**WHAT YOU HAVE TO DO:** Restate word for word the part of the material that runs from the line containing "11 - Quantity" through its final line, inclusive, minus the pictures.

**RAW DATA:**
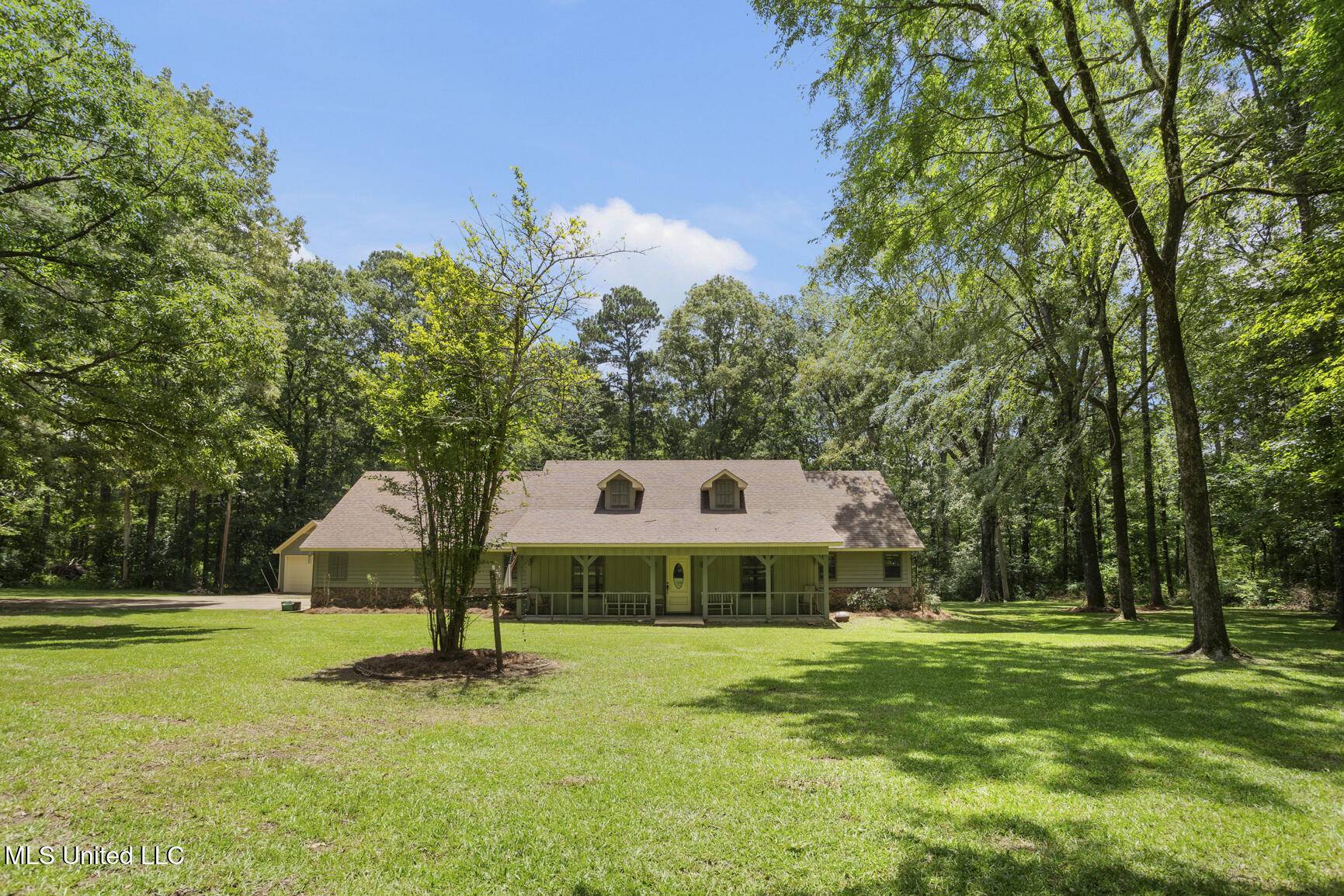 Terry, MS 39170,809 S Springlake Drive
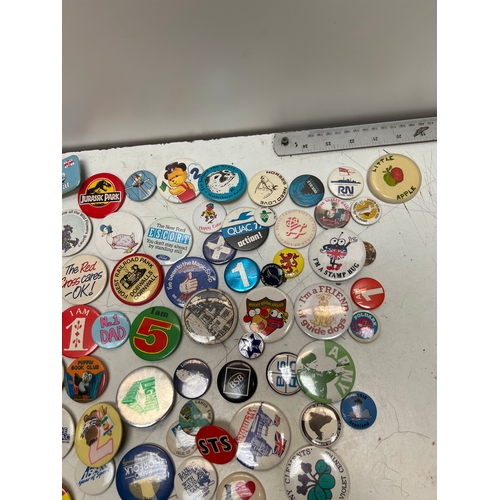 11 - Quantity of collectible pin badges inc ford escort, stamp bug, Jurassic park and more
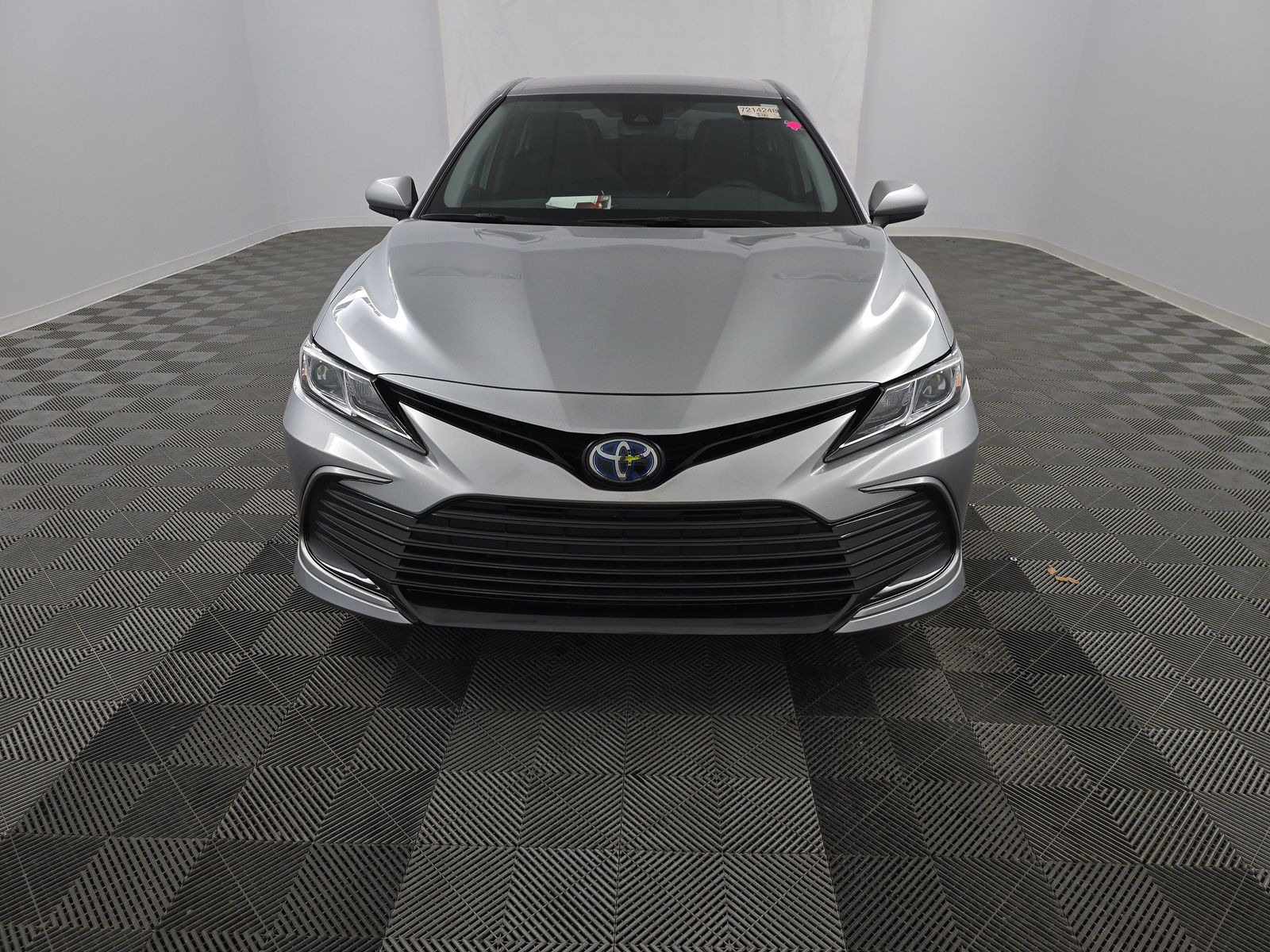 2023 Toyota Camry Hybrid LE FWD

**SOLUTION FOR THIS EXERCISE:**
 11 - Quantity of collectible pin badges inc ford escort, stamp bug, Jurassic park and more
 2023 Toyota Camry Hybrid LE FWD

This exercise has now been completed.